→ **Work instruction**: Restate word for word every line from the top of the data below down through the line that holds "Amazing black ink".

→ **Records provided**:
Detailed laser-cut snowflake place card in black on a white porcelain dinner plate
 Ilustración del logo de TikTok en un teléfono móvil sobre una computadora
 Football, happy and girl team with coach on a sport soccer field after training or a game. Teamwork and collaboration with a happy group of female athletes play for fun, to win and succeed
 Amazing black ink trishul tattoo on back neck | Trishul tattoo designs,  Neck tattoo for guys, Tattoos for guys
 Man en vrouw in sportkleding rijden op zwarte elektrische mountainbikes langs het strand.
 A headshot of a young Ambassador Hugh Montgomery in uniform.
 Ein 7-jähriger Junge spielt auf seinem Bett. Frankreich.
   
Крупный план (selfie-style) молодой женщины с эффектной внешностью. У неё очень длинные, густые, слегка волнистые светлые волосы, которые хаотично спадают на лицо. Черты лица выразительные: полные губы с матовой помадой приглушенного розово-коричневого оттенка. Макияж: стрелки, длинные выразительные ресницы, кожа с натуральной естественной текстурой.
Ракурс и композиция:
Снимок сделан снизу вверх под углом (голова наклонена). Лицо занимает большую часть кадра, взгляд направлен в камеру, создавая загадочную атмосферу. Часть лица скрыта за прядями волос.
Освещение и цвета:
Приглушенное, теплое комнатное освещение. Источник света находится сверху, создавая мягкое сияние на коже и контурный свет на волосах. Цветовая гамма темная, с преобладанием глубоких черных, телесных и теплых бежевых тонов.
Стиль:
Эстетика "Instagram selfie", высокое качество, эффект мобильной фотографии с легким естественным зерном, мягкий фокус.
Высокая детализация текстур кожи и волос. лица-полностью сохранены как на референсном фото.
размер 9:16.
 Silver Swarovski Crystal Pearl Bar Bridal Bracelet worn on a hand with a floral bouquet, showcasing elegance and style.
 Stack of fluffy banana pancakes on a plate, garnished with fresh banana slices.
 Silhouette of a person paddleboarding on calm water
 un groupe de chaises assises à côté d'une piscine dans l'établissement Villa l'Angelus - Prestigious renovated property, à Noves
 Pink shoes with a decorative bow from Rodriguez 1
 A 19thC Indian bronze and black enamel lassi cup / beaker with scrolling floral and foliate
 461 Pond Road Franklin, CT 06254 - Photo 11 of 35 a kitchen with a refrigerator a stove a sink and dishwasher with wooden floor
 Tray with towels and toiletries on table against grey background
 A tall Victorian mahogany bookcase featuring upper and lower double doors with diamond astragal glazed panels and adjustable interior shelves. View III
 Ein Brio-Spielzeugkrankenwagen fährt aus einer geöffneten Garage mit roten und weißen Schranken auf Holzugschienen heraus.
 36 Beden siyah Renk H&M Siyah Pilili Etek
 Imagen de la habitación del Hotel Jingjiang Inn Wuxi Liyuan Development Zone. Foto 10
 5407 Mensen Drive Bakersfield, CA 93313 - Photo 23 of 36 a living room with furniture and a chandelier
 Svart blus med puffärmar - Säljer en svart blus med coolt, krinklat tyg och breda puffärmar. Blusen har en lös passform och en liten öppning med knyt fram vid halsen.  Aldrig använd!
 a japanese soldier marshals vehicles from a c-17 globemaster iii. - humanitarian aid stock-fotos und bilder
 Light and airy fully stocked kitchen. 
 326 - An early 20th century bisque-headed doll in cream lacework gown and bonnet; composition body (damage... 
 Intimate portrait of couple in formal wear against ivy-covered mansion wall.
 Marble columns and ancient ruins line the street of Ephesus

→ **Completed exercise**:
Detailed laser-cut snowflake place card in black on a white porcelain dinner plate
 Ilustración del logo de TikTok en un teléfono móvil sobre una computadora
 Football, happy and girl team with coach on a sport soccer field after training or a game. Teamwork and collaboration with a happy group of female athletes play for fun, to win and succeed
 Amazing black ink trishul tattoo on back neck | Trishul tattoo designs,  Neck tattoo for guys, Tattoos for guys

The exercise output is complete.